Let's take `"1234567890"` as an example, for a zigzag at rows of 3, we get

``````1 5 9
24680
3 7``````

for rows of 4, we get

``````1  7
2 68
35 9
4  0``````

maybe we can do this in two ways I think:

1. init a 2-d matrix, place the characters in the array, and collect them again. time cost: O(n) and space cost: O(n);
2. direct calculation , we find a f(x) which takes in old index and return a new index.

# Solution 1: using a Matrix

``````var convert = function(s, numRows) {
var length = s.length;
if (length <= numRows || numRows === 1){
return s;
}

var rows = numRows;
var cols = 0;
// we take rows-2 lins as a block
var blockNum = Math.floor(length / (rows * 2 - 2));
var restNum = length % (rows * 2 - 2);
cols = blockNum * (rows - 1) +  (restNum > rows ? (1 + restNum - rows) : 1);

var map = [];
// init the matrix
for(var i = 0; i < rows; i++){
map.push([]);
}

// we use a direction flag, Dx & Dy to show which phase we are in
// {0, 1}: moving down
// {1, -1}: moving upright
var x = 0, y = -1, Dx = 0, Dy = 1;
for(var i = 0; i < length; i++){
x += Dx;
y += Dy;
map[y][x] = s[i];

if (y >= rows - 1){
Dy = -1;
Dx = 1;
}

if (y <= 0){
Dy = 1;
Dx = 0;
}
}

var result = [];
for (var i = 0; i < rows; i++){
for(var j = 0; j < cols; j++){
if (map[i][j]){
result.push(map[i][j]);
}
}
}
return result.join('');
};``````

while this seems right, but it cost too much time - Time Limit Exceeded.

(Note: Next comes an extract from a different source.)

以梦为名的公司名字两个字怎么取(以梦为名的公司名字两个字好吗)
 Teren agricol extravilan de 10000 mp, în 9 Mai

The result map is actually sparse, we can compress it better. for example:

``````1  7
2 68
35 9
4  0``````

can be compressed to:

``````1 7
268
359
4 0``````

which leads to following solution:

# Solution 2: improved condensed matrix

``````var convert = function(s, numRows) {
var length = s.length;
if (length <= numRows || numRows === 1){
return s;
}

var rows = numRows;
var cols = 0;
// we take rows-2 lins as a block
var blockNum = Math.floor(length / (rows * 2 - 2));
var restNum = length % (rows * 2 - 2);
cols = blockNum * 2 +  (restNum > rows ? 2 : 1);
var map = [];
// init the matrix
for(var i = 0; i < rows; i++){
map.push([]);
}

// we use a direction flag, Dx & Dy to show which phase we are in
// {0, 1}: moving down
// {1, -1}: moving upright
var x = 0, y = -1, Dy = 1;
for(var i = 0; i < length; i++){
y += Dy;
map[y][x] = s[i];
if (y >= rows - 1){
Dy = -1;
x += 1;
}

if (y === 1 && Dy === -1){
x += 1;
}

if (y <= 0){
Dy = 1;
}

}
var result = [];
for (var i = 0; i < rows; i++){
for(var j = 0; j < cols; j++){
if (map[i][j]){
result.push(map[i][j]);
}
}
}
return result.join('');
};``````

which is now accepted by leetcode, 215ms which is very slow ranking last 20% of all accepted solutions. There must be better solution.

from above solution, we can omit the process of lining up and collecting, we just do the direct calculation:

# solution 3: direction calculation

Look more at our map: for rows of 3:

``````1 5 9
24680
3 7``````

for rows of 4:

``````1 7
268
359
4 0``````

we can see that rows are actually following indices:

``````0, (rows - 1) * 2, (rows - 1) * 4 ...
1, (rows - 1) * 2 - 1, (rows - 1) * 2 + 1, (rows - 1) * 4 - 1, (rows - 1) * 4 + 1 ...
2, (rows - 1) * 2 - 2, (rows - 1) * 2 + 2, (rows - 1) * 4 - 2, (rows - 1) * 4 + 2 ...
rows - 1, (rows - 1) * 2 + rows - 1,  (rows - 1) * 4 + rows - 1 ...``````

This leads us to following algorithm:

``````var convert = function(s, numRows) {
var length = s.length;

if (length <= numRows || numRows === 1){
return s;
}

var result = [];
var j = 0;
var step = numRows - 1;

for (var i = 0; i < numRows; i++){
if(i === 0 || i === numRows - 1){
j = i;
while(j < length){
result.push(s[j]);
j += step * 2;
}
} else {
result.push(s[i]);
j = step * 2;
while(j - i < length){
if(j - i < length && j - i > i){
result.push(s[j - i]);
}

if (j + i < length){
result.push(s[j + i]);
}
j += step * 2;
}
}
}
return result.join('');
};
``````

OK, this time it went to top 25% of accepted solutions with 145ms.